Worthersee 2017 - An Insider's Guide to the VW Show
35 years in, and the Austrian VW gathering is still going strongAs you must know by now, Wörthersee Treffen is the biggest, loudest, and craziest VW Group gathering known to humanity. Every year, no less than 200,000 Volkswagen fanatics flock around the lake of Wörthersee in the south of Austria (a country boasting just 8.75 million inhabitants) and turn this tranquil landscape, picturesquely located at the Alps' footsteps, into a seemingly never-ending festival of tuning, show cars, and horsepower, best enjoyed if accompanied by vast amounts of beer and rather unsophisticated German techno music.

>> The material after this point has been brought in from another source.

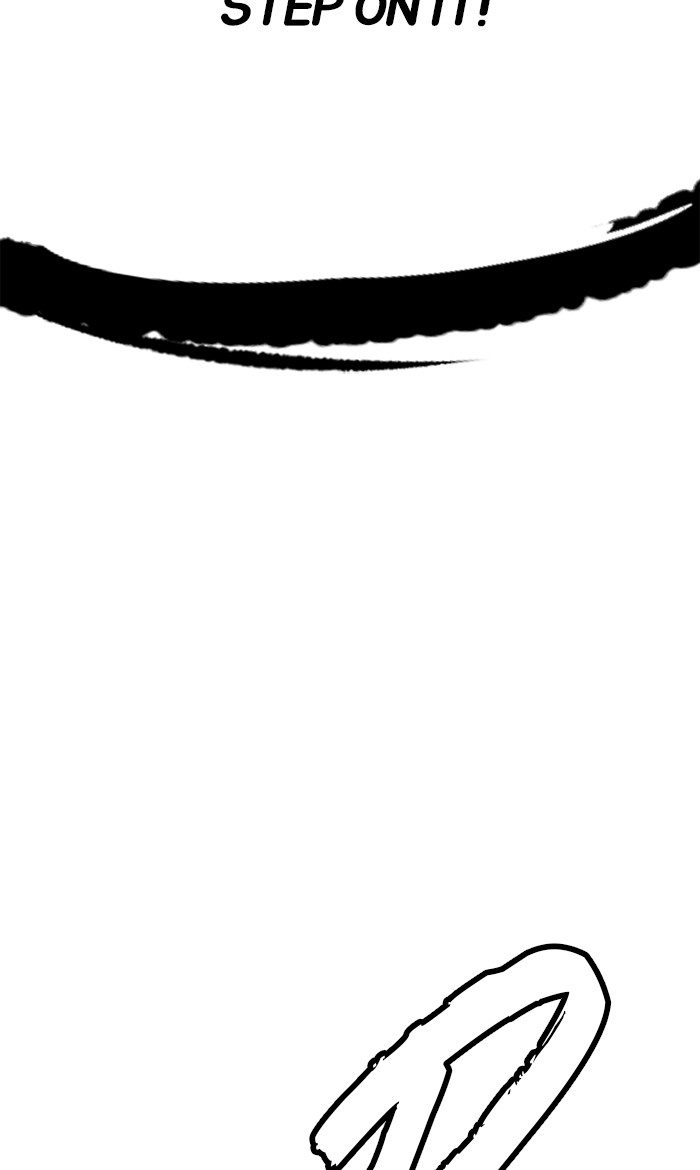 Wind Breaker Chapter 271 page 109 - Chapter 271: [Part 3] Ep.21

The GTI-Treffen (i.e. a meeting in German) has come a long way since its first edition in 1982. It started off as a casual meeting for a hundred or so Golf GTI fans in a small town of Reifnitz at Wörthersee's shores. It quickly evolved into the huge and barely containable madness it is today. Only a few years after its inception, the gathering drew attention of the local authorities, which—opposite of what we normally see—started to support the idea, giving it more space and conditions to grow even further. Before long, the annual meeting started to attract celebrities like Niki Lauda and the VW Group honcho Ferdinand Piech. Soon, the Treffen became one of the greatest Volkswagen events in the world, for which the German giant thanked Wörthersee by extensively supporting the event. To cement the relationship between the Austrian land and the legendary Golf GTI, in 1987, Reifnitz was adorned with a 55,000-pound granite sculpture presenting the car in 1:1 scale, which keeps the festive spirit in the town all year long to this day.
Over the last three and a half decades, the relationship between VW fans and the locals has had its rough patches. At the beginning of the 1990s, Wörthersee witnessed its first incidents, which were inevitable with an adrenaline-seeking crowd on a beer diet. These incidents eventually made the show administration and Volkswagen pull the plug, but even this didn't stop the fans from bringing thousands of modified cars to the shores of the Austrian lake. The event returned as an official Volkswagen-backed show in 1996, but despite the organizers' best efforts to curb the crowd's enthusiasm, which included putting Jersey barriers and speed bumps on the most visited spots, or even changing the event's name (currently held as Wörthersee Treffen instead of the original GTI-Treffen in a move to open it up for all kinds of automotive genres), it is still what it has always been. And that is, a fascinating (and a bit wild at times) mix of the atmosphere of laid-back vacations, spring break partying with an authentic, palpable love for all things with a VW badge on them.